*** Begin section ***

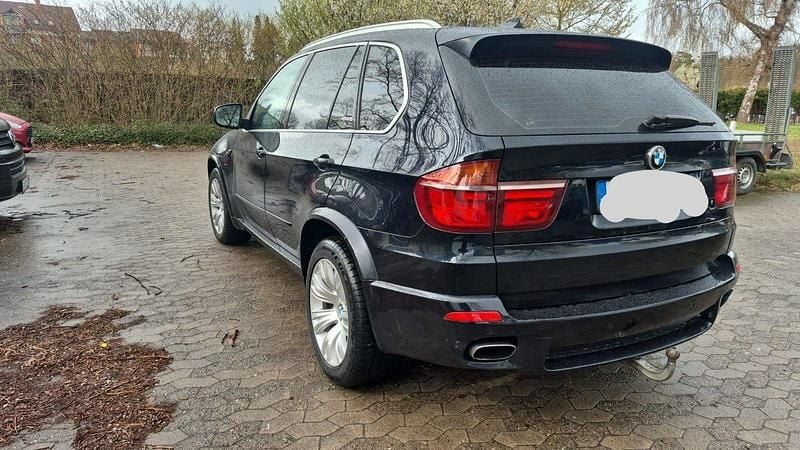 Gebraucht BMW X5 Exclusive 245 PS (180 kW) 2012 Schwarz SUV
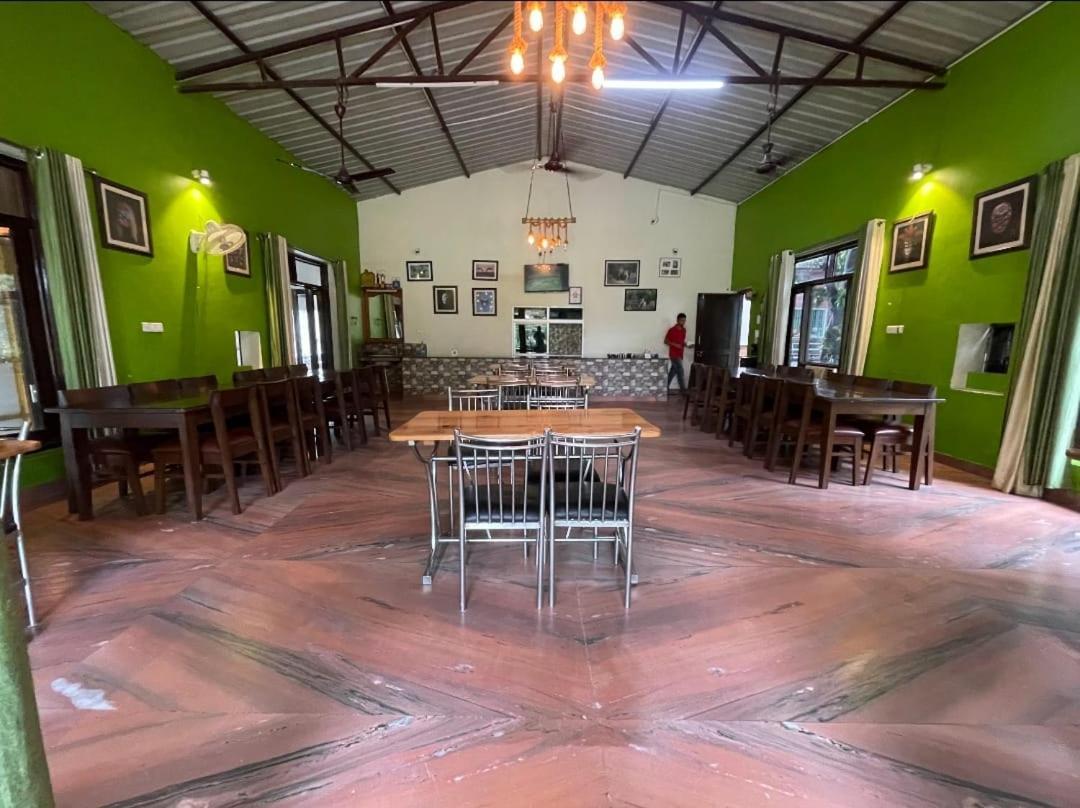 Karans Corbett Motel Ramnagar  Εξωτερικό φωτογραφία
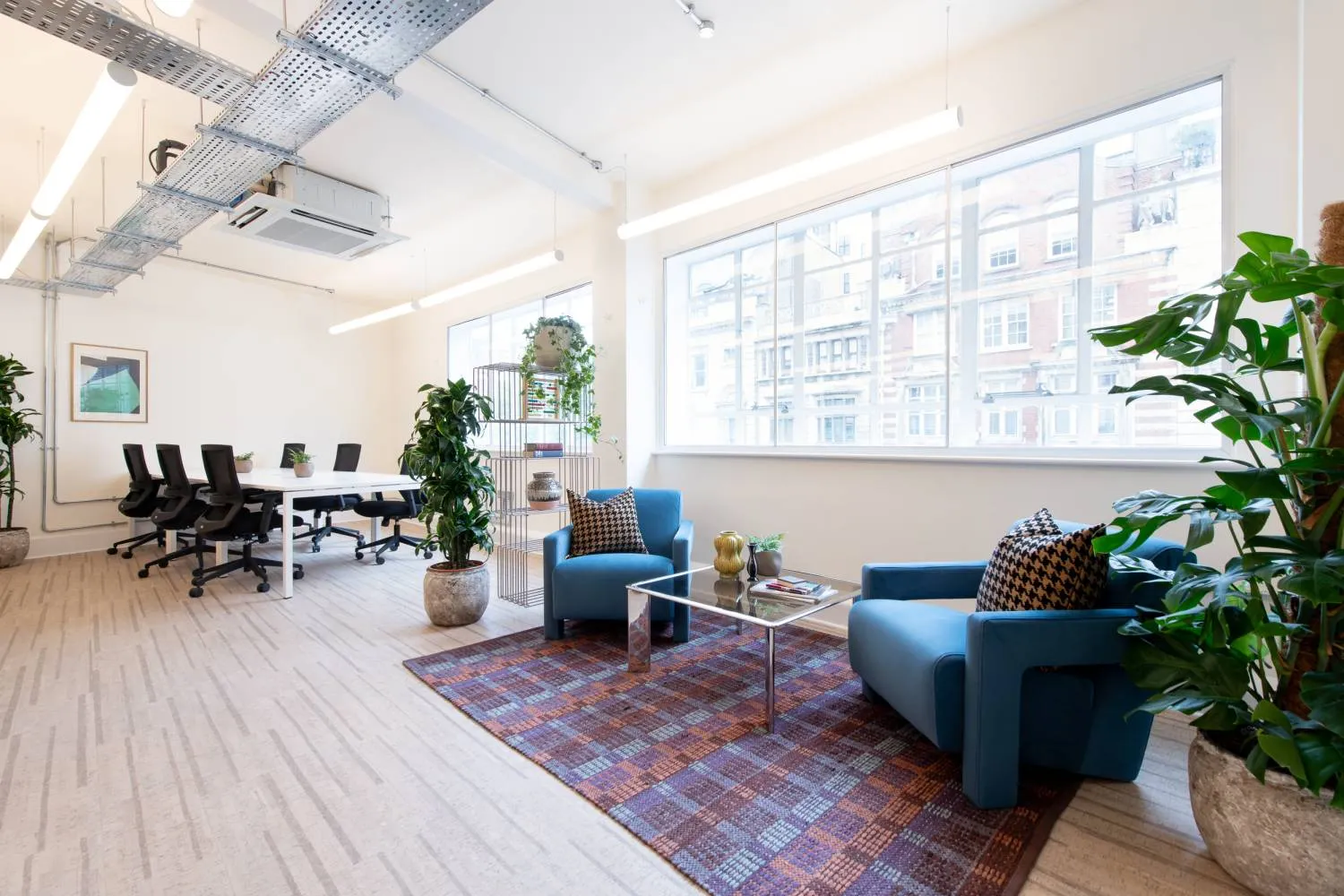 Main Room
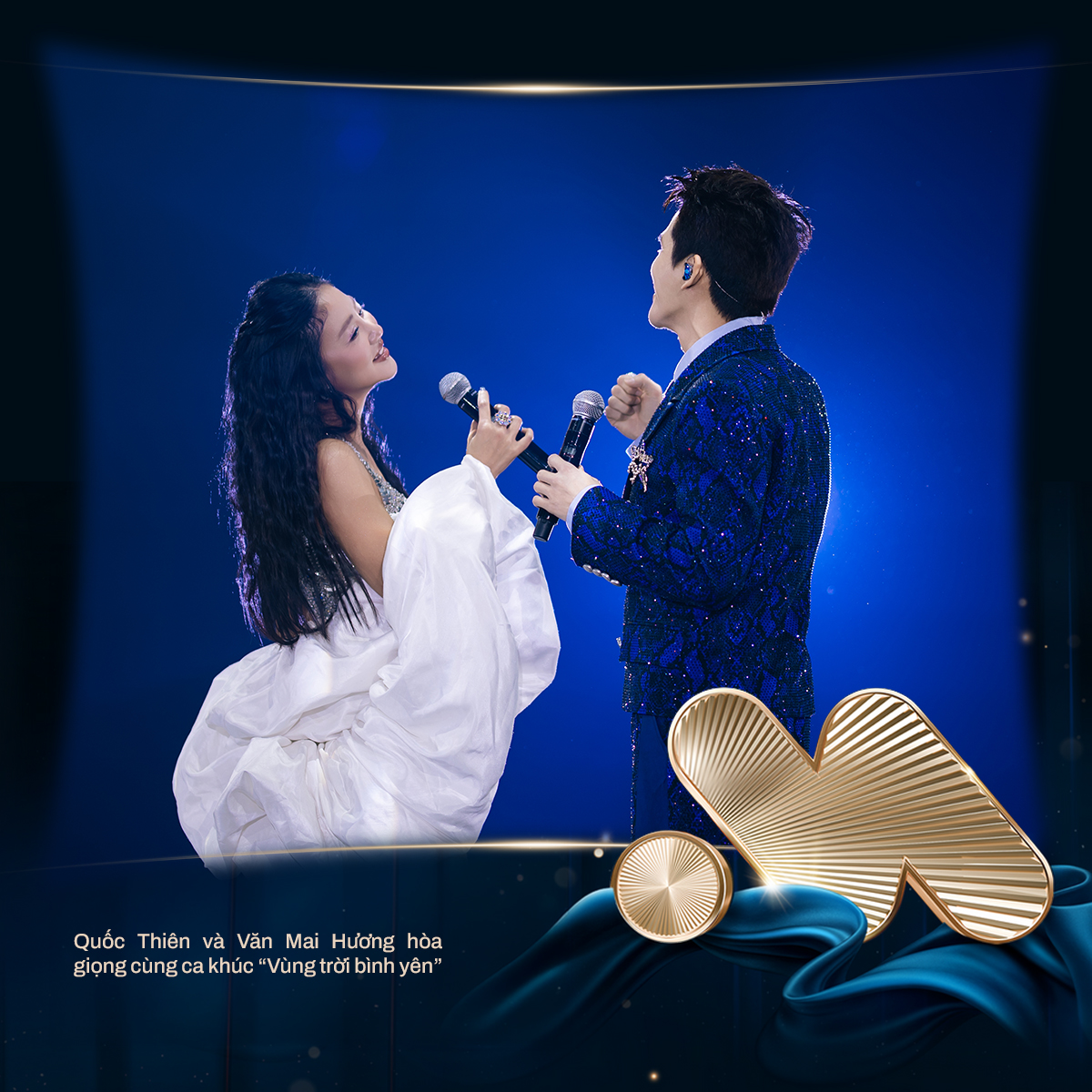 Di Sản T&acirc;m Thức: Đ&ecirc;m nhạc kh&ocirc;ng chỉ để nghe m&agrave; c&ograve;n để chạm - Ảnh 4.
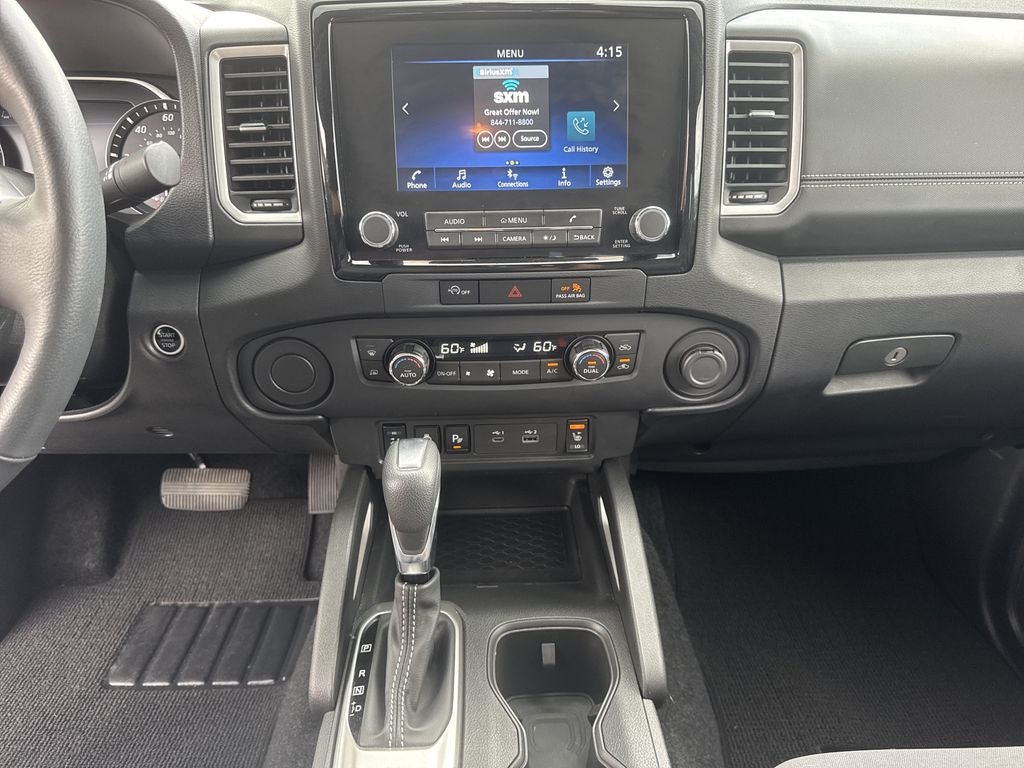 2023 Nissan Frontier SV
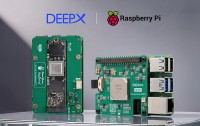 DEEPX and Sixfab Launch 'DEEPX AI HAT' to Drive Edge Physical AI on Raspberry Pi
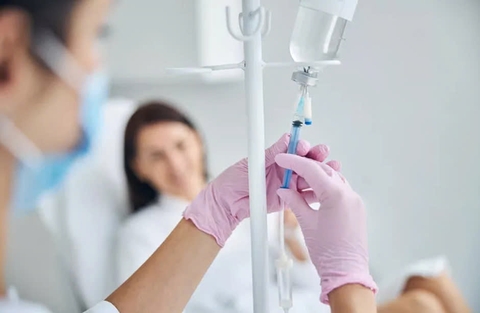 Một số trường hợp người bệnh nên truyền đạm tại nhà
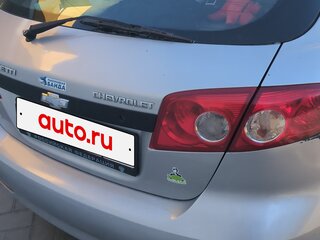 2005 Chevrolet Lacetti I, серый, 360000 рублей, вид 3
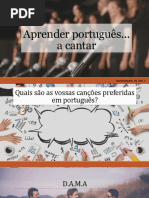 D.A.M.A - Às vezes e versão da Rádio Comercial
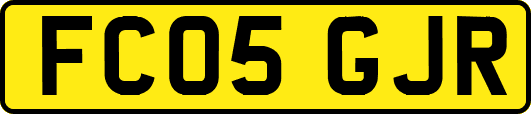 FC05GJR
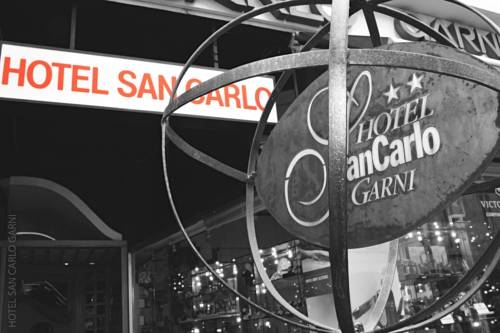 Imagen general del Hotel San Carlo, Lugano. Foto 2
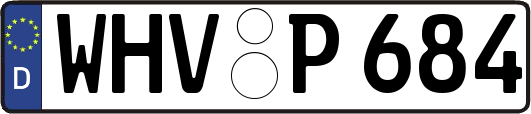 WHV-P684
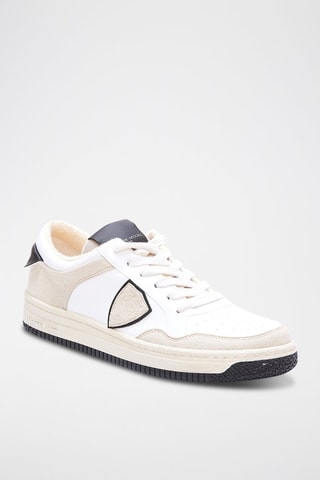 Baskets - Blanc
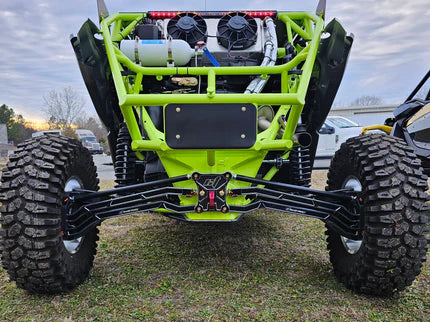 Maverick X3 72" Tier 1 High Clearance Radius Rods by CT Race Worx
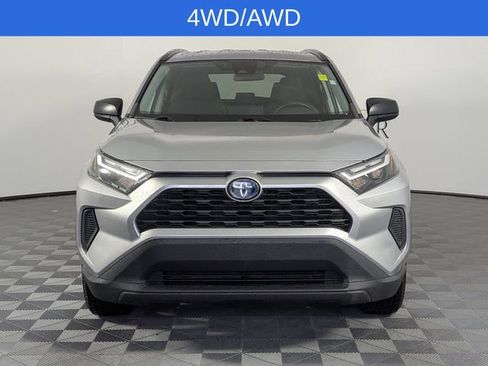 Used 2023 Toyota RAV4 LE AWD/4WD image 3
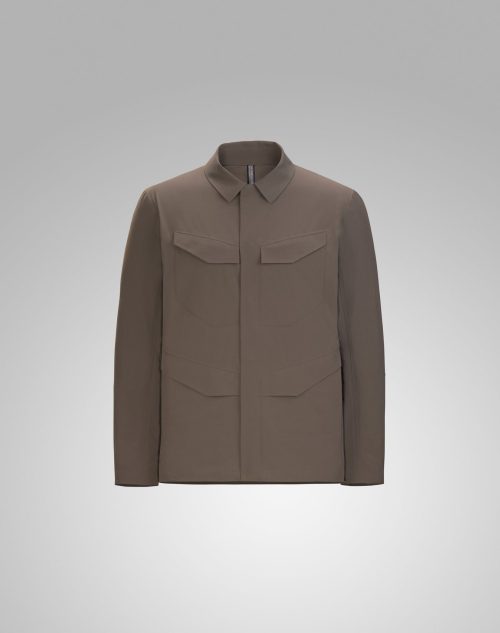 アークテリクス(ARC’TERYX) フィールド ソフトシェル ジャケット メンズ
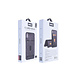 UNIQ Accessory Backcover voor Galaxy S9 Plus - Zwart UNIQ Accessory Backcover voor Galaxy S9 Plus - Zwart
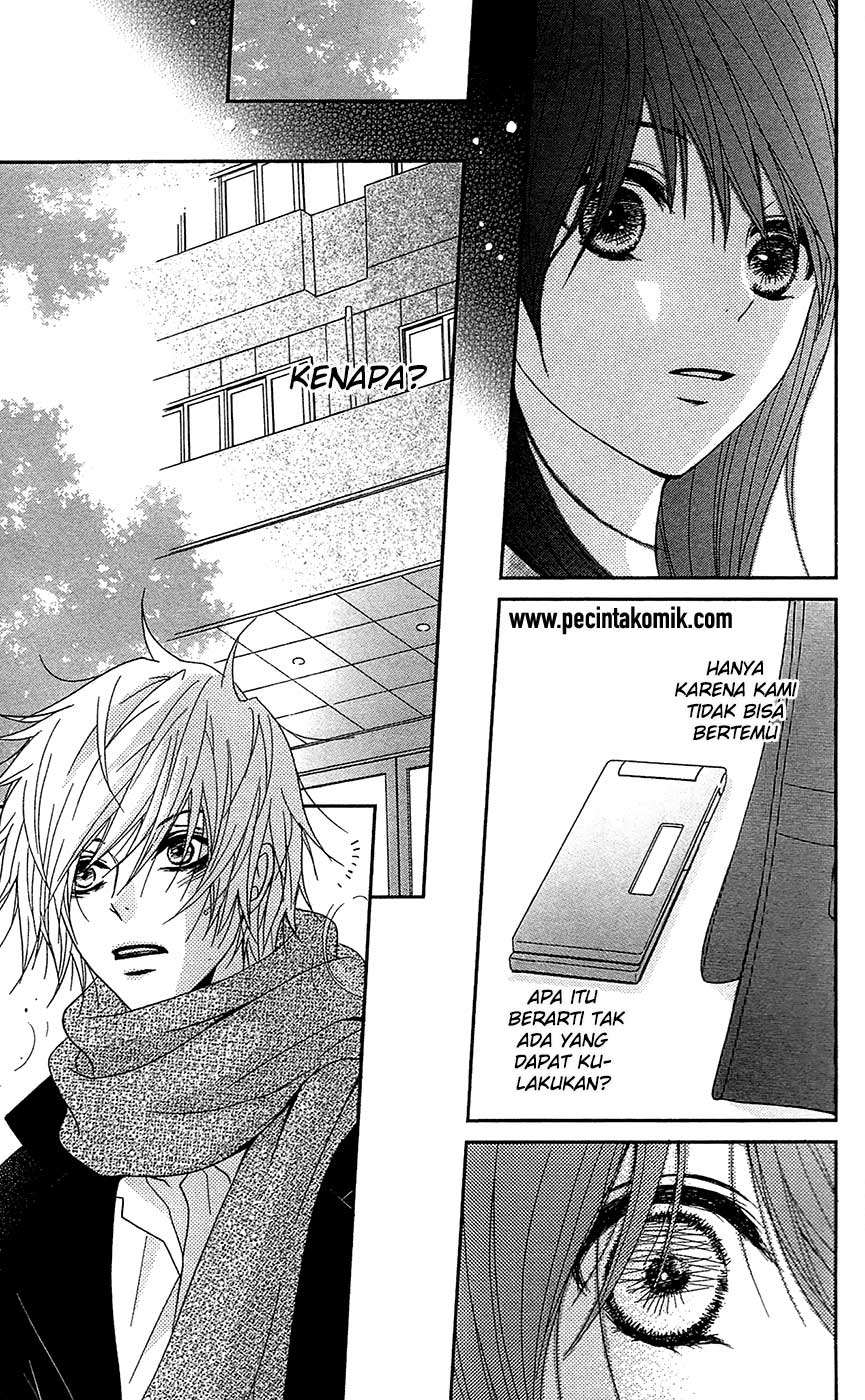 Dengeki Daisy Bab 67 halaman 29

*** End section ***

Aim of the exercise
Starting at the line above that contains "Karans Corbett Motel", transcribe every line exactly through the line that contains "2023 Nissan Frontier SV", including that last one, and skip the pictures.

Written response
 Karans Corbett Motel Ramnagar  Εξωτερικό φωτογραφία
 Main Room
 Di Sản T&acirc;m Thức: Đ&ecirc;m nhạc kh&ocirc;ng chỉ để nghe m&agrave; c&ograve;n để chạm - Ảnh 4.
 2023 Nissan Frontier SV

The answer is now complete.